:: Data for this exercise ::

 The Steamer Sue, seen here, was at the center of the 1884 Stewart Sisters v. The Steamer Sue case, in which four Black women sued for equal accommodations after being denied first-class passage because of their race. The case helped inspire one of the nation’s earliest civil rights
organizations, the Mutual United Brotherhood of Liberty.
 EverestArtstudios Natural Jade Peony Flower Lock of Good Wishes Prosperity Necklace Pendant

==

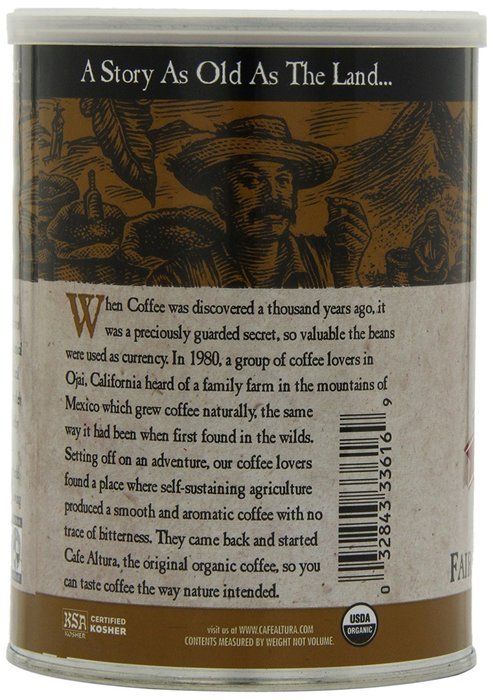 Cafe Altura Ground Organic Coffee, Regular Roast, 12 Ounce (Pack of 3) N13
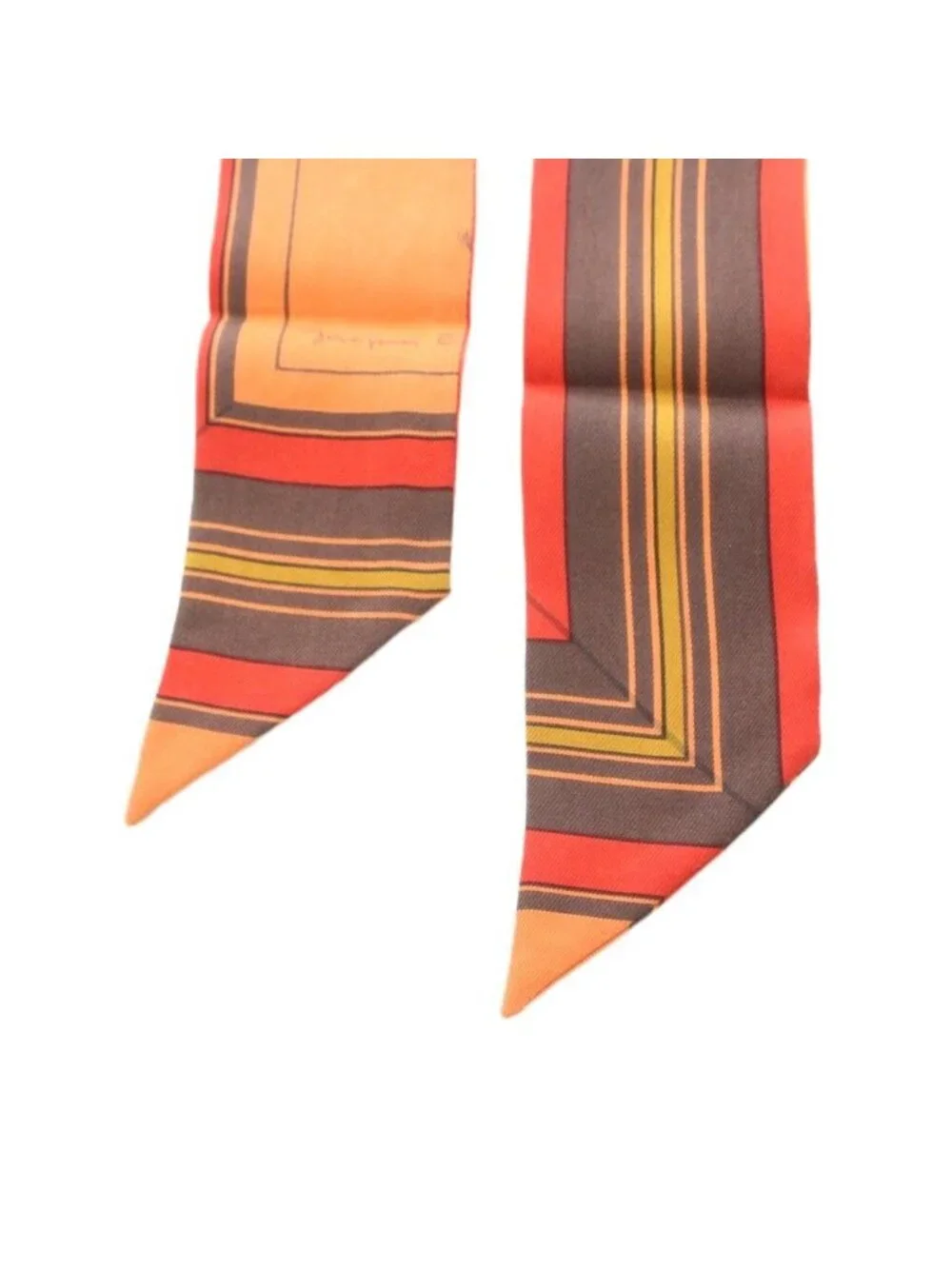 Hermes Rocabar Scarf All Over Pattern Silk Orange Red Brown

:: Exercise goal ::
Please repeat the lines of the material above exactly, starting with the line that contains "Cafe Altura Ground" and ending with the line that contains "Hermes Rocabar Scarf". Leave the pictures out.

:: Answer to the problem ::
 Cafe Altura Ground Organic Coffee, Regular Roast, 12 Ounce (Pack of 3) N13
 Hermes Rocabar Scarf All Over Pattern Silk Orange Red Brown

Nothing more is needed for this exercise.